Na contramão da posição defendida pelo governo e pelo presidente Jair Bolsonaro (PL), o clima na Frente Parlamentar da Mineração é de uma maioria de deputados contrários ao Projeto de Lei 191/2020, que prevê a legalização da mineração e do garimpo em terras indígenas. É o que relata seu presidente, o deputado Nereu Crispim (União-RS), que também é contrário à proposta do projeto, visto por ele como, ao mesmo tempo, problemático e ineficaz.
No entendimento do deputado, não há o que se falar em projetos que aumentem a demanda sobre a Agência Nacional de Mineração (ANM) em um momento em que esta se encontra em sobrecarga. “Uma das nossas lutas é justamente fazer com que a agência funcione. A realidade enfrentada por ela é de, em muitas agências, não funcionar nem ferramentas básicas como telefone e elevador, como é o caso do Rio Grande do Sul”, explicou.
O parlamentar destaca que existem ao menos 200 mil processos de abertura de empreendimentos de mineração que ainda estão na fila da análise da ANM, que sofre tanto com a falta de recursos humanos para dar agilidade nos pedidos quanto a falta de uma legislação unificada no setor, tornando mais demorada cada uma das análises. O projeto, ao seu ver, pode piorar a situação de sobrecarga enfrentada pela agência.
Crispim acrescenta que, no atual momento, o poder executivo não é capaz de fiscalizar empreendimentos que venham a ser abertos com o projeto. “Nós não estamos preparados para fazer licenciamento ambiental dentro de reserva indígena. A ANM não tem braço para isso agora. Nós não temos instituições preparadas para avaliar o que realmente deve ser analisado para fazer mineração com segurança nessas terras”, declarou.
Em sua análise, os únicos beneficiados com o projeto seriam as empresas de grande porte, com maior capilaridade nas agências reguladoras, que ganham vantagem competitiva contra as menores, com processos emperrados. “Nós não precisamos dessas aventuras, não precisamos de algo que replica o que acontece com o petróleo brasileiro, que é exportado sem pagar quase nada de imposto”, disse.
Além das implicações intrínsecas à mineração, Crispim aponta para as implicações ambientais resultantes do projeto. “No caso das reservas indígenas, temos que ter muito cuidado, exatamente porque existe hoje um apelo muito forte em questões ambientais. O Brasil, inclusive, fez parte da COP26, e assumiu uma série de compromissos para deter as mudanças climáticas”, relembra.
Questão do potássio
A votação do requerimento de urgência do Projeto de Lei 191/2020 se deu poucos dias após o início da guerra entre Rússia e Ucrânia: dois grandes fornecedores de potássio, matéria-prima dos fertilizantes utilizados para propiciar a produção de grãos e frutos na agricultura. Um dos argumentos usados pelo governo para o regime de urgência foi a suposta existência de grandes reservas de potássio na Amazônia, que poderiam ser extraídas com a aprovação do projeto.

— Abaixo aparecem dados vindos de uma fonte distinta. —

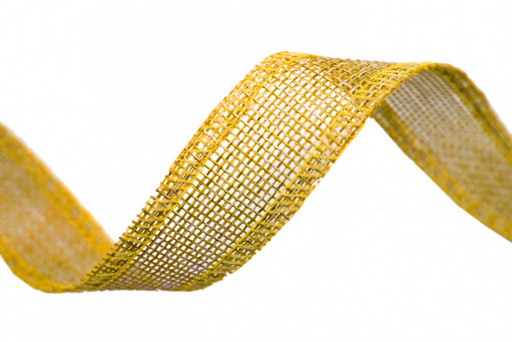5511-40/7 Лента декоративная из искусственного льна с проволокой 4 см*25 ярд желтый 1/60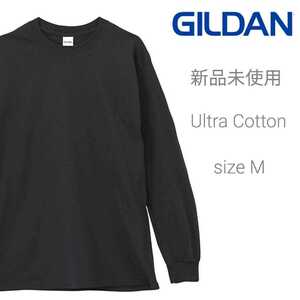 新品未使用 GILDAN ギルダン ウルトラコットン 6oz 無地 ロンT 長袖Tシャツ ブラック M 2400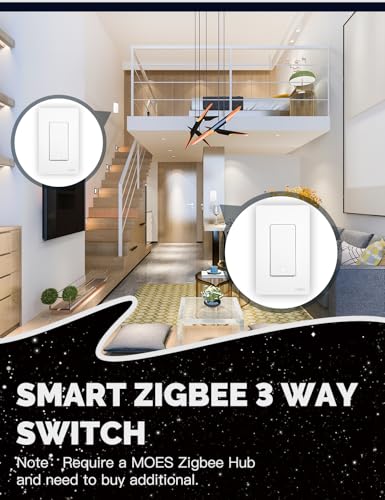 MOES Zigbee 3 Way Double Light Switch, 2 Gang Smart Wall Switches Single Pole, Require Neutral Wire, Support Remote Control, Compatible with Alexa/Google Assistant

Nereu Crispim afirma ser falacioso o argumento do governo. “Essa é mais uma pauta que está sendo alegada de forma irregular. Nós temos diversas pedreiras no Brasil onde há comprovação técnica de que a rochagem serve para a agricultura. E diversas dessas pedreiras estão inexploradas justamente por fazer parte dos processos que estão parados”, aponta.
O argumento do potássio, segundo o parlamentar, também foi fruto do interesse privado. “O que existe na realidade é um lobby muito grande de importadores que se beneficiam desses contratos. Temos inclusive o caso da fábrica de fertilizantes no Mato Grosso do Sul que está sendo comprada por investidores russos”, afirmou. A fábrica em questão é uma instalação da Petrobras, que está em processo de aquisição da russa Acrom.

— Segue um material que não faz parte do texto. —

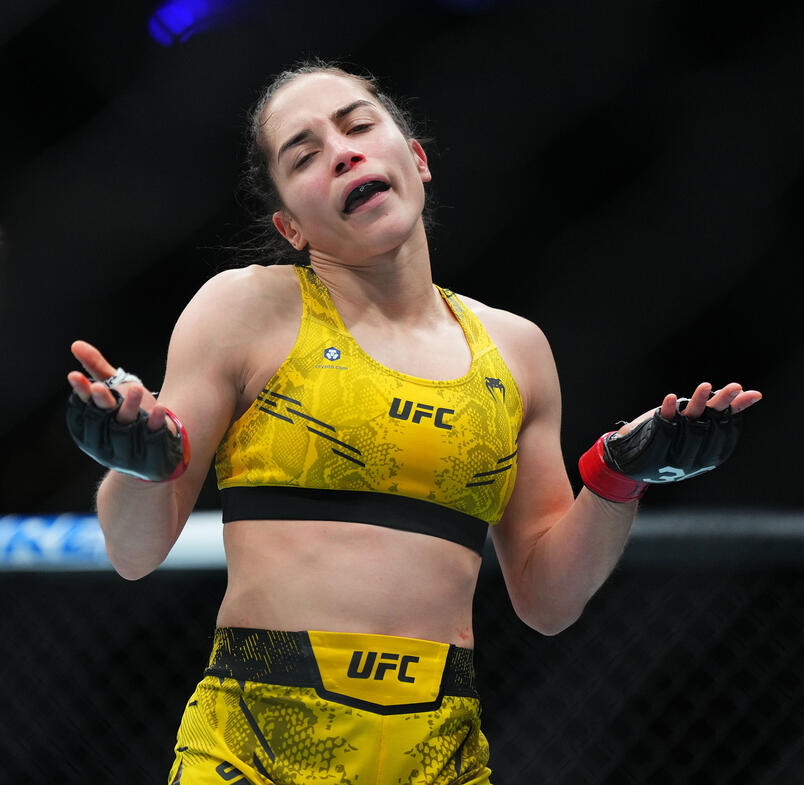 eronica Hardy of Venezuela reacts after her flyweight fight against Jamey-Lyn Horth of Canada during the UFC Fight Night event at Moody Center on December 02, 2023 in Austin, Texas. (Photo by Cooper Neill/Zuffa LLC via Getty Images)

O deputado considera que, para o desenvolvimento da Amazônia, os caminhos mais eficazes seriam investimentos no setor de ecoturismo ou a regulação do mercado de carbono, setor que tornaria a floresta uma referência mundial na criação de créditos. “Nós não temos essa necessidade de fazer mineração dentro de reserva indígena, quando poderíamos ter superávit justamente dando andamento aos outros mais de 200 mil processos inertes na ANM”.